(The Center Square) – Carbon capture and sequestration pipeline opponents are still working to stymie implementation of the Summit Carbon Solutions project in Iowa.
The Progressive Caucus of the Iowa Democratic Party passed a resolution in a 36-1 vote on Sunday to express disapproval for the development and construction of the Summit Carbon Solutions pipeline.
The resolution said carbon capture and sequestration is currently unproven technology, asserts increases in jobs will be minimal, and poses safety risks.

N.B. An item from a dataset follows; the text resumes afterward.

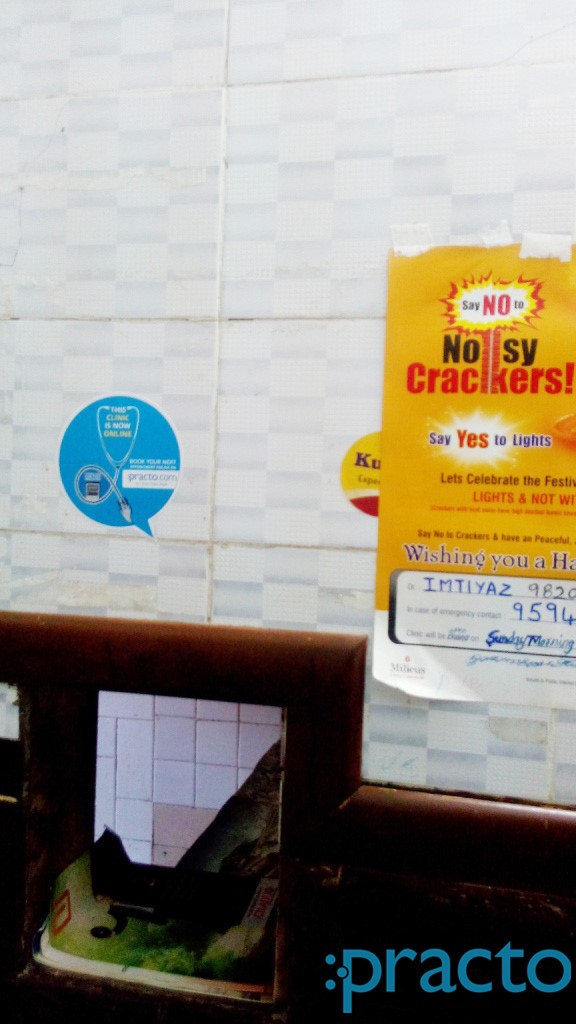 Clinic Andheri West Mumbai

“Private property rights trump the covetousness of the ultra-wealthy and eminent domain should not be used solely for the profit of private corporation,” it also said.
Iowa Democratic Party Progressive Caucus Chair Brian McLain said in a statement he sent The Center Square that rural Republicans, rural Democrats, and Libertarians are reaching out to support this resolution. The Iowa Democratic Party Disability Caucus said in a tweet Feb. 26 that it stands with the Progressive Caucus against the pipeline. The resolution follows the Iowa Democratic Party’s 21-17 vote Feb. 26 opposing taking up the resolution.
“We are calling on the 21 members of the State Central Committee that voted no to stand with the people of Iowa,” McLain said. “We are calling on Senate minority leader Zach Wahls and House Minority Leader Jennifer Konfrst to openly condemn this pipeline and work with the Republicans in their chambers that seek to protect landowners from corporations seeking to abuse eminent domain.”
McLain said Republicans and Democrats have been supporting corporate interests to the detriment of Iowa residents.
“This pipeline will destroy rural Iowa communities. It will harm population growth, property values, and farmers,” he said. “Coupled with the incorrectly named ‘school choice’ efforts, it will lead to even more school consolidations and that means even fewer young families moving to these towns.”
SF 2160, a bill State Senator Jeff Taylor, R-Sioux Center, introduced, would have banned private companies’ use of eminent domain. It died in the Commerce Committee in February, despite the senators advancing it in a February 15 meeting, Iowa Public Radio reported.
Under the bill, the Iowa Utilities Board would not grant a permit unless it decided that the services will promote public convenience and necessity. Pipeline companies would have had to pay an annual fee of $1 (instead of 50 cents) per mile of pipeline or fraction per inch of diameter of pipeline in the state if the board entered into an agreement with the U.S. Department of Transportation for inspection of pipelines to determine compliance.
Summit Carbon Solutions lobbyist Jeff Boeyink said in the February 15 subcommittee meeting that the bill would stop the pipeline, Iowa Public Radio reported.
Boeyink was a chief of staff and campaign manager for former Iowa Gov. Terry Branstad and a campaign advisor for Iowa political and business leaders. He also previously served as an executive director of the Republican Party of Iowa.
Gov. Kim Reynolds’ Communications Director Alex Murphy told The Center Square that Reynolds has not had any conversations with legislators pertaining to SF 2160.
“The Governor does not comment on bills that are not her own until they are in final form and arrive at her desk,” Murphy said.